Chess players soaking in the warm outdoor pool of Szechenyi Bath Budapest – probably this is the most shot peculiarity of Szechenyi Bath. A tourist remarked “I think I need to bring pool chess to the US.” You may have heard about some of the Hungarian chess players: Geza Maroczy, Lajosh Portisch, Gyula Sax, Judit Polgar, Peter Leko. Well, they were not trained at Szechenyi Baths, but it is true that chess is a very popular game in Hungary (during socialism there were many chess clubs in schools, so kids started their chess career early).
Well indeed, you will always see some serious chess players at the thermal pool in Szechenyi Baths who are healing their bodies and training their minds. Mostly they are elderly men, but luckily there seems to be a newer generation aging into pool chess to pass on the tradition.
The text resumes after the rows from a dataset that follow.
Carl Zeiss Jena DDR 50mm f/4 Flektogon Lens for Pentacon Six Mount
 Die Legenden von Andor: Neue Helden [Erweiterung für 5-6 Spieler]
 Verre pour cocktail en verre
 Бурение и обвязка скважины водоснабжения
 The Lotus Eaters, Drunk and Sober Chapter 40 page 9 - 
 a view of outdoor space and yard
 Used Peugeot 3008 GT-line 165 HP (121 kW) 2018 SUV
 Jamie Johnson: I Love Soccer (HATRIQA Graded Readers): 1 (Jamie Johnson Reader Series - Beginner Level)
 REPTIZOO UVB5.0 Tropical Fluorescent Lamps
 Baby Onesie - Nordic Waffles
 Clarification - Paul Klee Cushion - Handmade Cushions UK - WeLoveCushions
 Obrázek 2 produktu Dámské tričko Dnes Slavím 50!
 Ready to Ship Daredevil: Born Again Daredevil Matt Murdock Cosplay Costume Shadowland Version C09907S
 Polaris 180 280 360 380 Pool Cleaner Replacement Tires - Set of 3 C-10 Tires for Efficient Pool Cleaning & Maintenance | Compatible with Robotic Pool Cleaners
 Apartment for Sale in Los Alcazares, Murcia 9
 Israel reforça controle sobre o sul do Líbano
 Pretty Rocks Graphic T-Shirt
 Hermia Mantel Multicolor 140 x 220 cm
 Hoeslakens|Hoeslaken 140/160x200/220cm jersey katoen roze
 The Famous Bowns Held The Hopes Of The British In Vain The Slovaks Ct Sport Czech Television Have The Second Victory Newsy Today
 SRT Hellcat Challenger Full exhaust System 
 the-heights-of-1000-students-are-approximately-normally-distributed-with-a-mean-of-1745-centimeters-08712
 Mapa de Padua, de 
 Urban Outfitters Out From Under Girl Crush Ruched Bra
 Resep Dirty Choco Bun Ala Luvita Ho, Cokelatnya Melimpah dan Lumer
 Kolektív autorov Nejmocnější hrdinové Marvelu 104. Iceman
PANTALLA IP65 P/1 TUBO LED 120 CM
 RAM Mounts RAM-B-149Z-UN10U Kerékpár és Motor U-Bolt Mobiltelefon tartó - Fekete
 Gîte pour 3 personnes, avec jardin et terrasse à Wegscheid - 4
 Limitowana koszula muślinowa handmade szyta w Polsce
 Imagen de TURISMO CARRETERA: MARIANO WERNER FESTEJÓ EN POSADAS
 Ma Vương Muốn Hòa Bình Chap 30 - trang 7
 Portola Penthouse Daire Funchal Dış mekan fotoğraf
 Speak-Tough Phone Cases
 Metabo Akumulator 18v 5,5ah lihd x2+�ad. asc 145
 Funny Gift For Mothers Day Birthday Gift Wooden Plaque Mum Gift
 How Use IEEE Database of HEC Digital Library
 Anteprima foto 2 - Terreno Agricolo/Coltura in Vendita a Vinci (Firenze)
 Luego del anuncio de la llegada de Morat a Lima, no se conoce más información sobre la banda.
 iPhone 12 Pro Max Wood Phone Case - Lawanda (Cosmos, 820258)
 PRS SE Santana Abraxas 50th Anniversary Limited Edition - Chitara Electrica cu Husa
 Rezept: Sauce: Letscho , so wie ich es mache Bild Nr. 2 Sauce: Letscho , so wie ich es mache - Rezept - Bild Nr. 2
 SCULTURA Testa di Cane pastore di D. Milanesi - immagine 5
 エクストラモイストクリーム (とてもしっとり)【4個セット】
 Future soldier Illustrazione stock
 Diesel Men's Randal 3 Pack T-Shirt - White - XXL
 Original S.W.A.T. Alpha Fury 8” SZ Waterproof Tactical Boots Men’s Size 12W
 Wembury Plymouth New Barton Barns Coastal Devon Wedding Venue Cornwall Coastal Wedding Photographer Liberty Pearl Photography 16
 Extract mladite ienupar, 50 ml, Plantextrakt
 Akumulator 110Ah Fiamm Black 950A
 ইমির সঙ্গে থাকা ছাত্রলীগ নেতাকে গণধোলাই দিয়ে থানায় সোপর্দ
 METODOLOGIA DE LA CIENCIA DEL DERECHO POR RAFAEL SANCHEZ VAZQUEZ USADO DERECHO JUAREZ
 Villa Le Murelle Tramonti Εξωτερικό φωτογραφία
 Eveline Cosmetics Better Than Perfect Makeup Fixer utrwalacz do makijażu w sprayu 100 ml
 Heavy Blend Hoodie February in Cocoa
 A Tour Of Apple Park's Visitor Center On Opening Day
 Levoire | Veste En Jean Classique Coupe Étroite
In fact, it would be better to rejuvenate the whole Hungarian pool chess team, but this sport maz need a less career centered state of mind (and more time allotted for bath time).
Once Csaba Balogh, international chess grandmaster went to play with the best of the pool chess team. After a couple of nice chess games leaving only kings and pawns on the board, his conclusion was that the most skilled player of the team could easily be a player in the 1st class team of Hungary (Csaba estimated about about 2200 points for the very best player at Szechenyi Baths).
So if you decide to play some chess in Budapest, and you feel up for a good challenge, do not miss Szechenyi Baths. It may not be that easy to win. (Of course there are less skilled players too).
You can see other chess players in some similarly open air and somewhat unexpected places in Budapest. For instance, at Nyugati Railway station or Keleti Railway Station. Oftentimes the chess boards are just put on the top of a bigger litter box and the party goes on.